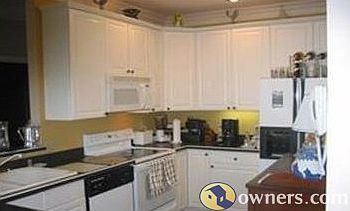 Kitchen with tall cabinets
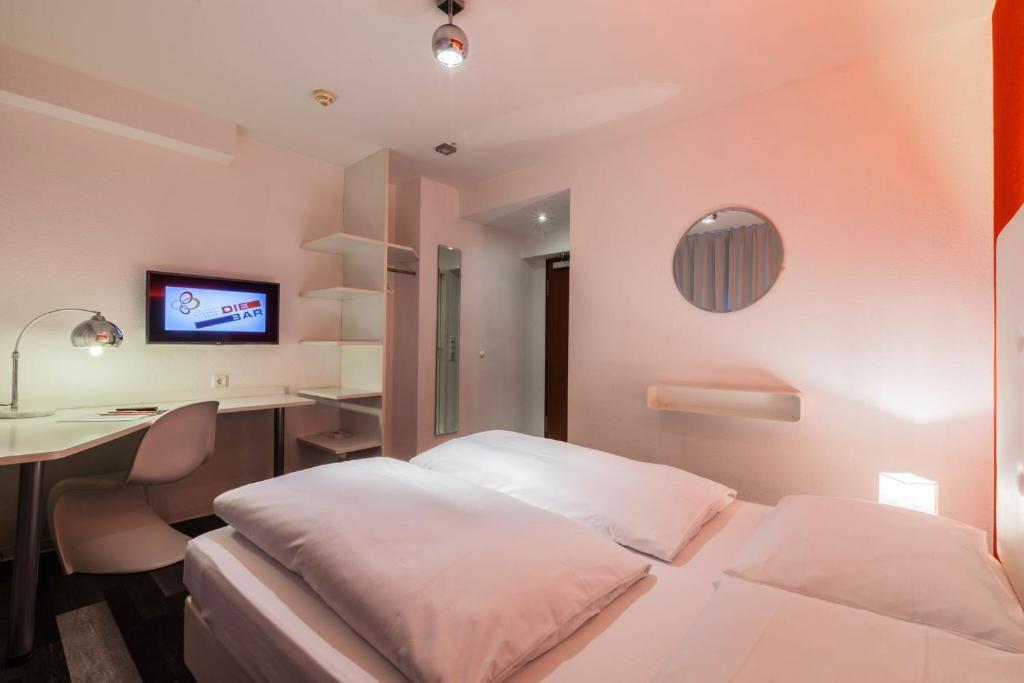 Двухместный (Двухместный номер с 1 кроватью или 2 отдельными кроватями) отеля Cityhotel Monopol, Гамбург
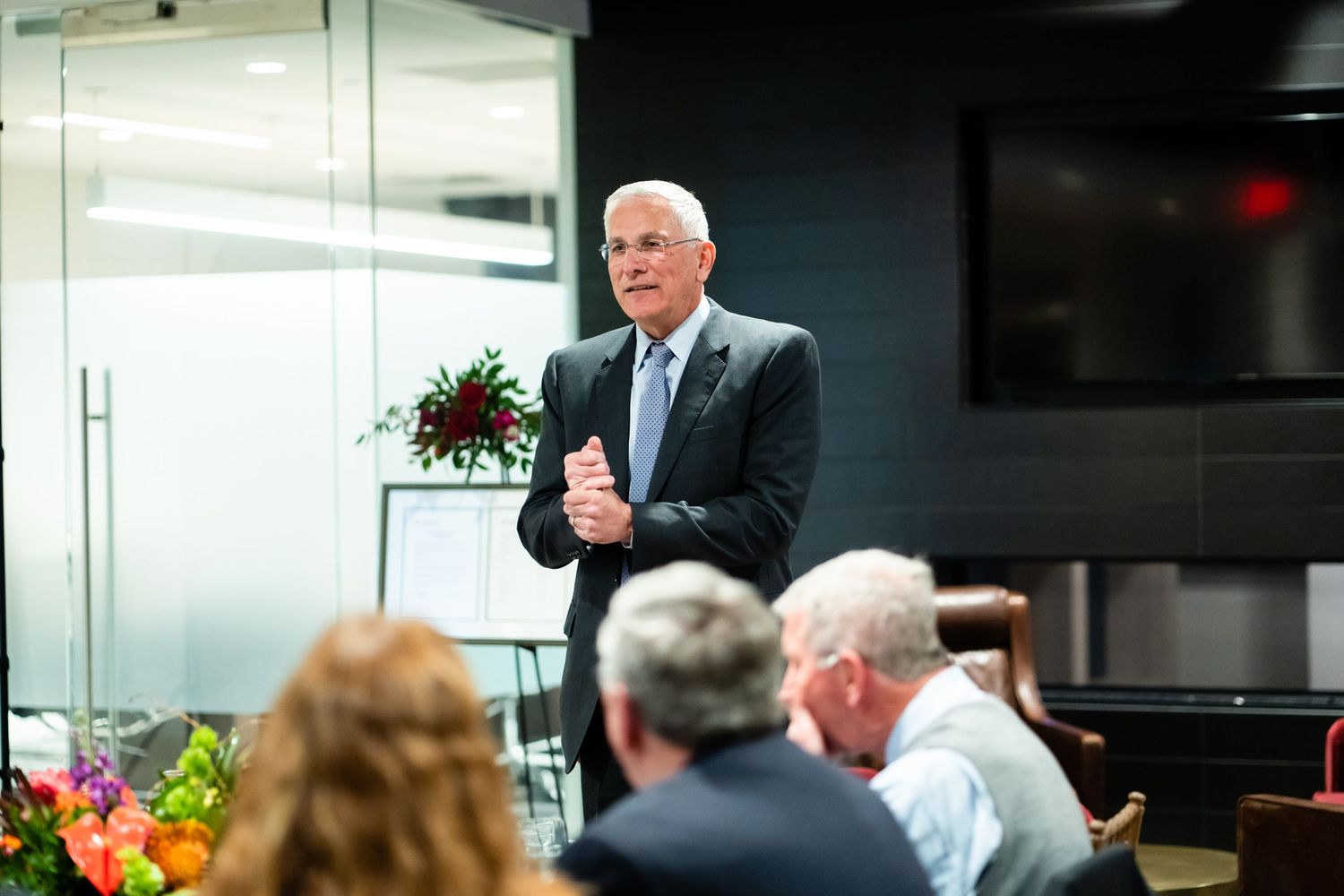 Business people gathered in a modern office conference room with glass walls and colorful floral arrangements.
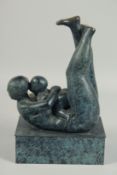 AFTER HENRY MOORE. MOTHER'S CHILD on a rectangular base. 13ins high.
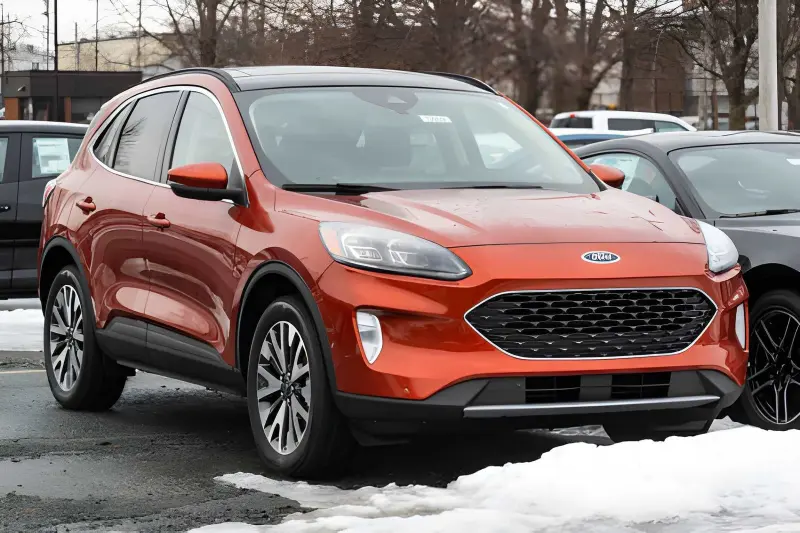 2020 Ford Escape Hybrid exterior side profile in a dealership lot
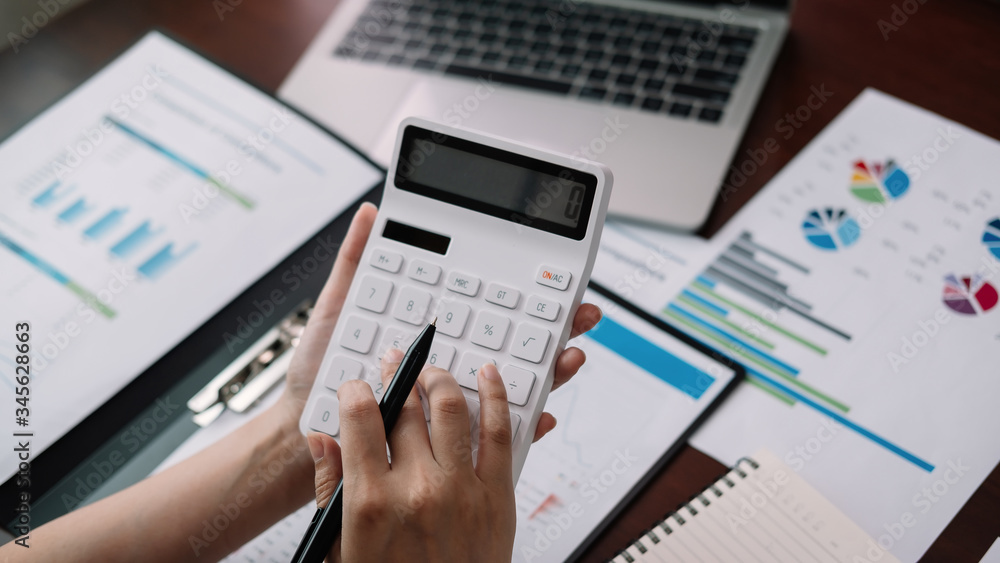 Close up Businessman using calculator and laptop for calaulating finance, tax, accounting, statistics and analytic research concept Close up Businessman using calculator and laptop for calaulating finance, tax, accounting, statistics and analytic research concept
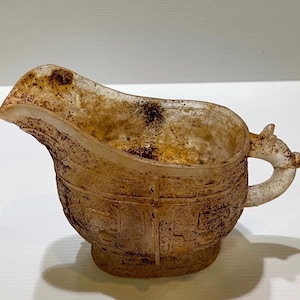 May include: A vintage, off-white, handled vessel with a spout. The vessel has intricate, embossed patterns and a small handle with a decorative element. The piece has a weathered appearance with brown discoloration.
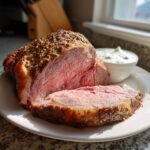 A thick slice of medium-rare Savory Prime Rib Roast with a seasoned crust, served next to horseradish sauce.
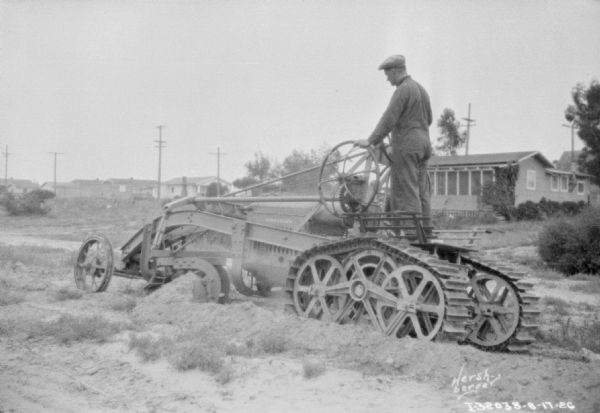 Man driving a grader in a field. There are buildings in the background.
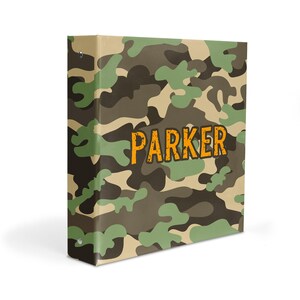May include: A green, brown, and beige camouflage binder with the name "PARKER" in orange text.
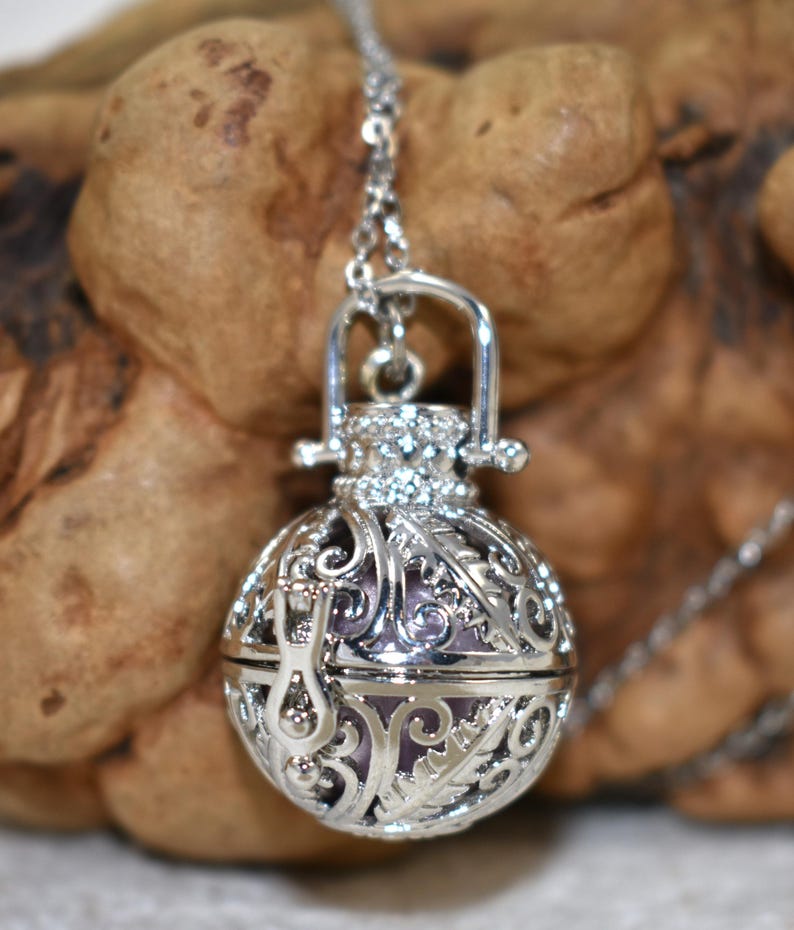 Silver Angel caller bola harmony chime ball necklace. Cut-out leaf sphere pendant, chime ball locket necklace, soft chiming sound calls your guardian angel, Angel caller locket, 316 stainless steel chain. Popular with expectant Mothers. Jewelry gift for her. Gift for Mom, gift for wife, gift for sister, gift for daughter, birthday gift, pregnancy jewelry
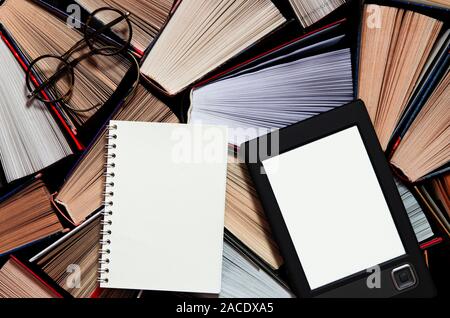 The e-book with a white screen lies on the open multi-colored books that lie on a dark background, close-up Stock Photo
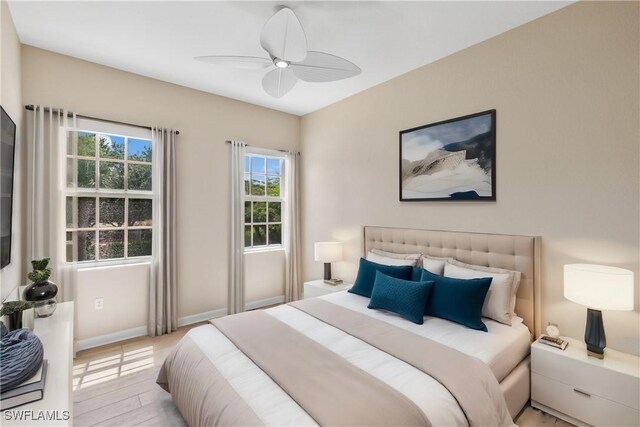 bedroom with ceiling fan and light wood-type flooring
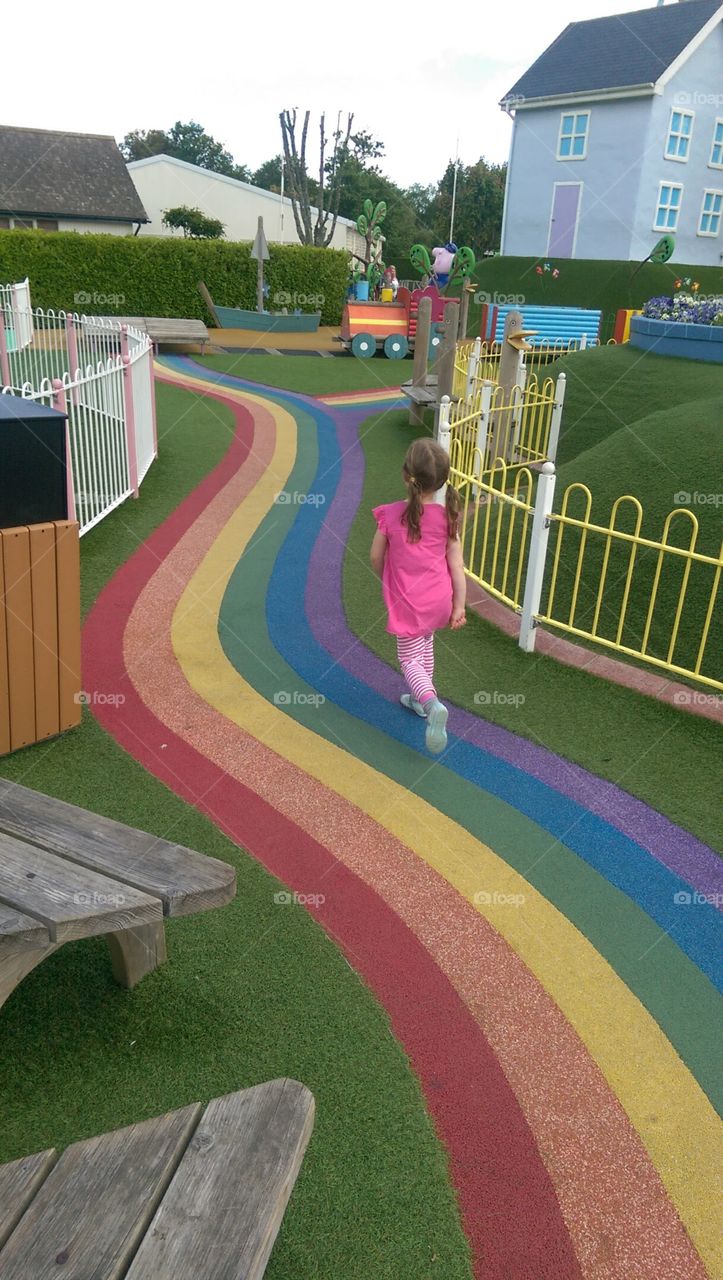 girl running down rainbow road in play park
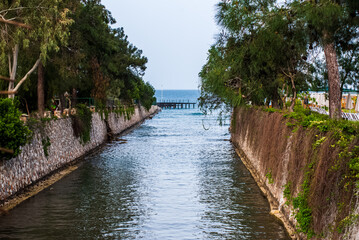 Fototapeta premium The river flows from the mountains and enters the Mediterranean Sea, not far from Kemer, Türkiye.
******
# Required work:
Above is the material; set down exactly its lines from the one containing "May include: A vintage, off-white, handled" down to the one containing "Silver Angel caller", both included, leaving out any pictures.

# Result:
 May include: A vintage, off-white, handled vessel with a spout. The vessel has intricate, embossed patterns and a small handle with a decorative element. The piece has a weathered appearance with brown discoloration.
 A thick slice of medium-rare Savory Prime Rib Roast with a seasoned crust, served next to horseradish sauce.
 Man driving a grader in a field. There are buildings in the background.
May include: A green, brown, and beige camouflage binder with the name "PARKER" in orange text.
 Silver Angel caller bola harmony chime ball necklace. Cut-out leaf sphere pendant, chime ball locket necklace, soft chiming sound calls your guardian angel, Angel caller locket, 316 stainless steel chain. Popular with expectant Mothers. Jewelry gift for her. Gift for Mom, gift for wife, gift for sister, gift for daughter, birthday gift, pregnancy jewelry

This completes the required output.